Data to examine:
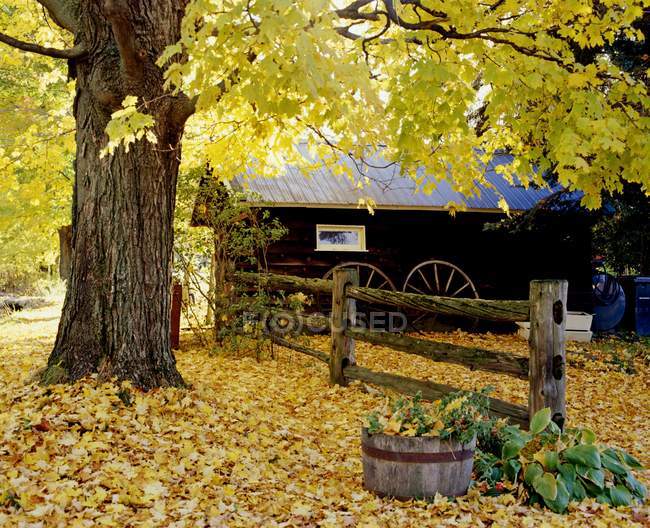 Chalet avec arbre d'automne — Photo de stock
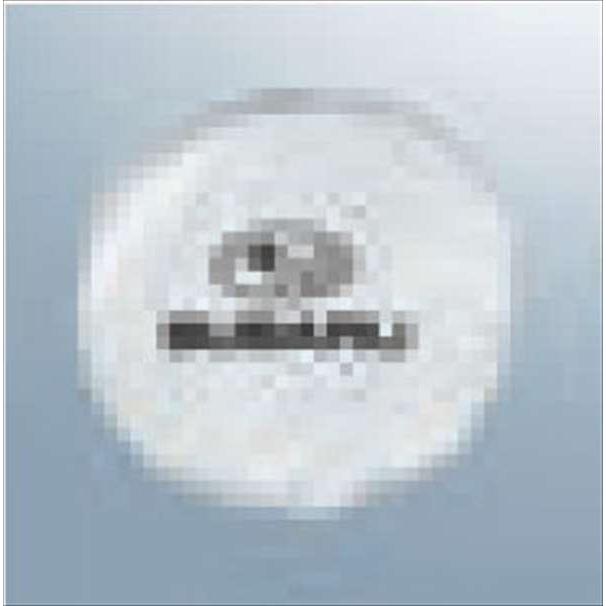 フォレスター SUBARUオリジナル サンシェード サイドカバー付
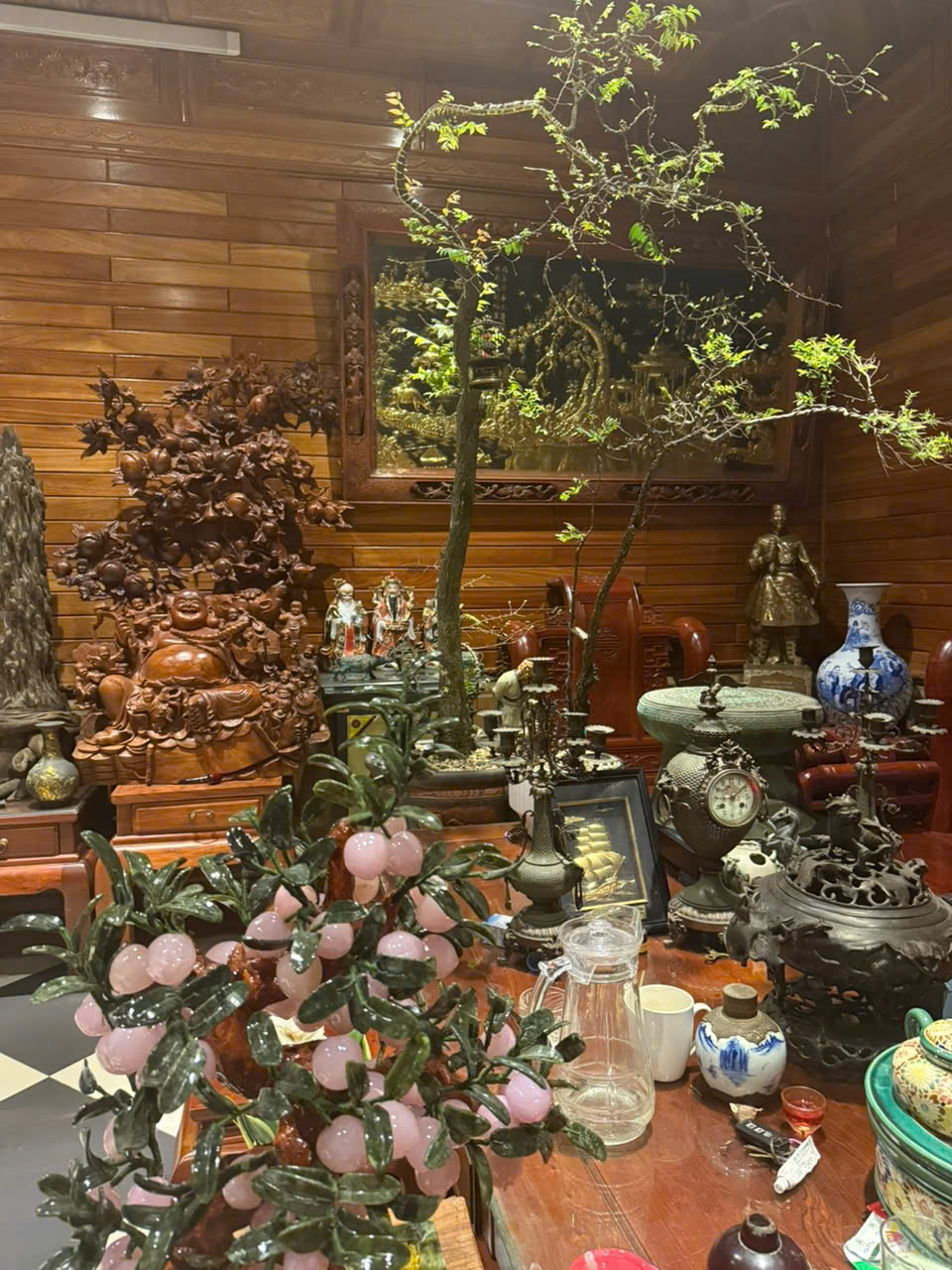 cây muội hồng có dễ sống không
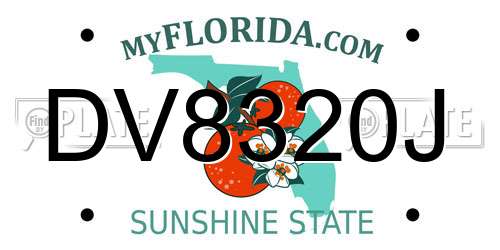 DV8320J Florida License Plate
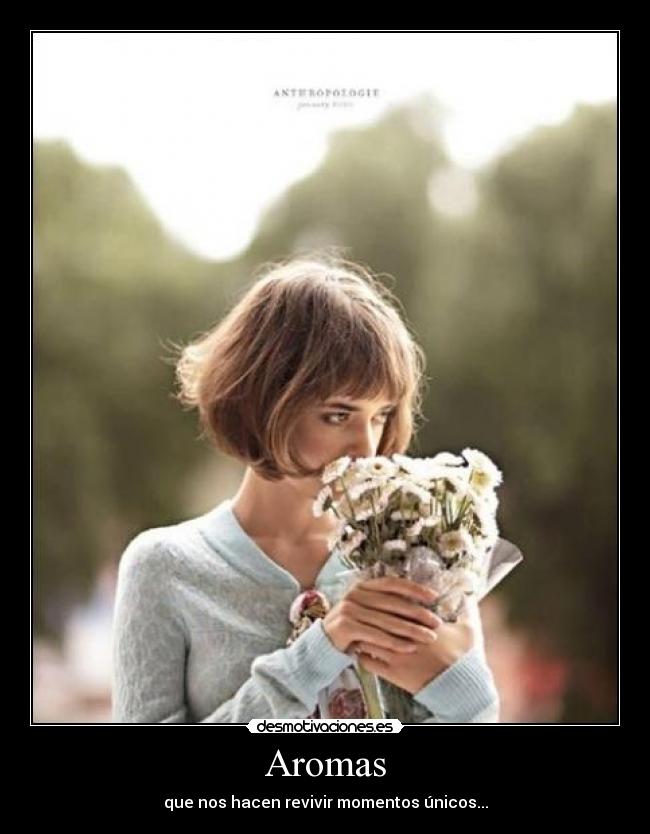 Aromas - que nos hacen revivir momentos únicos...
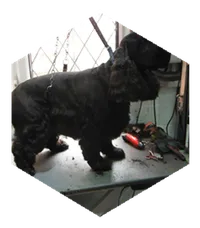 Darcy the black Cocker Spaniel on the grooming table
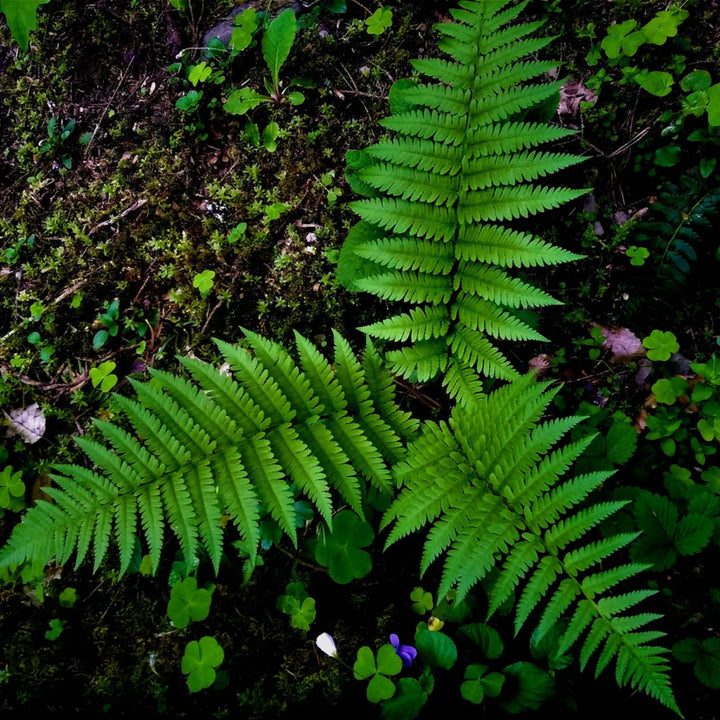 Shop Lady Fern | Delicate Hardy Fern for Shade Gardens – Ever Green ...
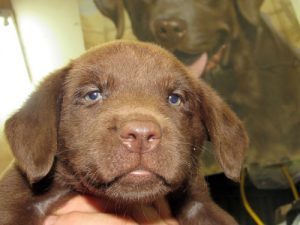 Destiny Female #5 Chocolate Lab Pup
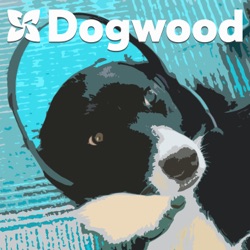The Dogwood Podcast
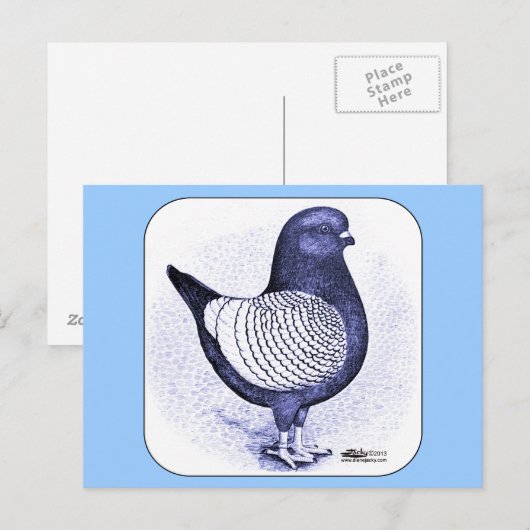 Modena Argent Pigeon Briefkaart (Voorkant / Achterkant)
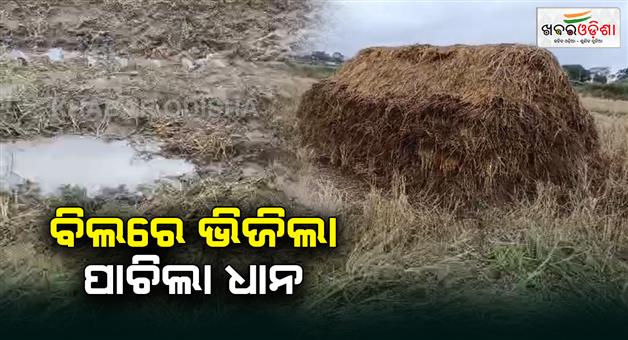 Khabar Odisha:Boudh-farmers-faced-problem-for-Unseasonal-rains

Your task:
What you return must match, line for line, the records from the line containing "cây muội hồng có dễ sống không" through their end, with both ends included and no pictures.

Reply to the exercise:
 cây muội hồng có dễ sống không
 DV8320J Florida License Plate
 Aromas - que nos hacen revivir momentos únicos...
 Darcy the black Cocker Spaniel on the grooming table
 Shop Lady Fern | Delicate Hardy Fern for Shade Gardens – Ever Green ...
 Destiny Female #5 Chocolate Lab Pup
The Dogwood Podcast
 Modena Argent Pigeon Briefkaart (Voorkant / Achterkant)
 Khabar Odisha:Boudh-farmers-faced-problem-for-Unseasonal-rains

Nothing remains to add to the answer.